[Prompt]
A verbatim transcript of the data below is required, images omitted.

[Records for this task]
--------

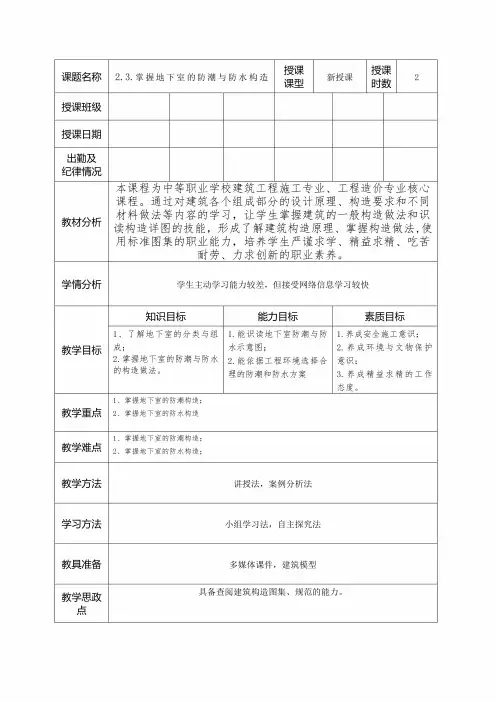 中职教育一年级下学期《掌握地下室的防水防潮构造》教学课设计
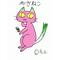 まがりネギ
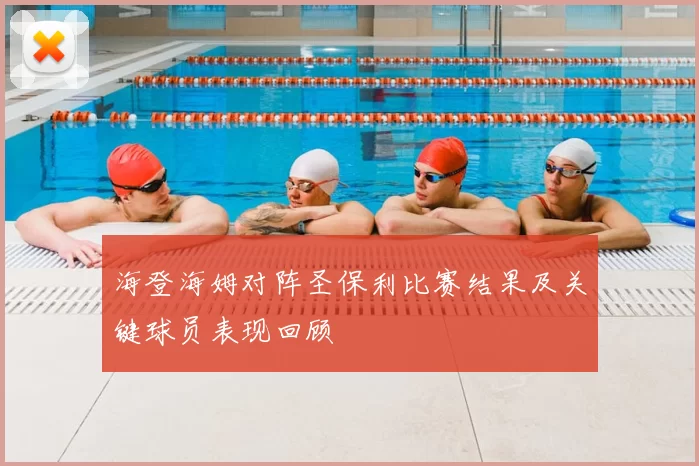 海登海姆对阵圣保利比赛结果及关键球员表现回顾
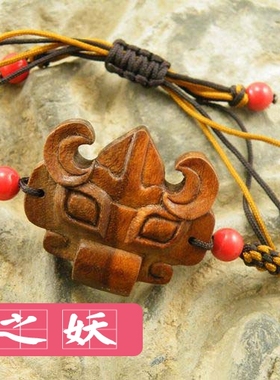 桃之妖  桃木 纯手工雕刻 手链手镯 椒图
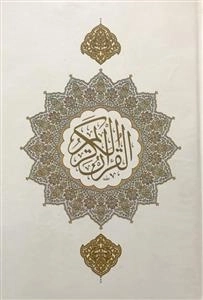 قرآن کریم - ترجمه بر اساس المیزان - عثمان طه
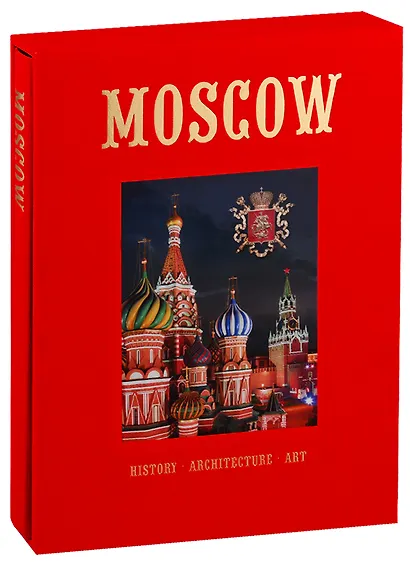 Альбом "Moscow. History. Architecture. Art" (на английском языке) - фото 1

--------

[Answer to this problem]
 中职教育一年级下学期《掌握地下室的防水防潮构造》教学课设计
 まがりネギ
 海登海姆对阵圣保利比赛结果及关键球员表现回顾
 桃之妖  桃木 纯手工雕刻 手链手镯 椒图
 قرآن کریم - ترجمه بر اساس المیزان - عثمان طه
 Альбом "Moscow. History. Architecture. Art" (на английском языке) - фото 1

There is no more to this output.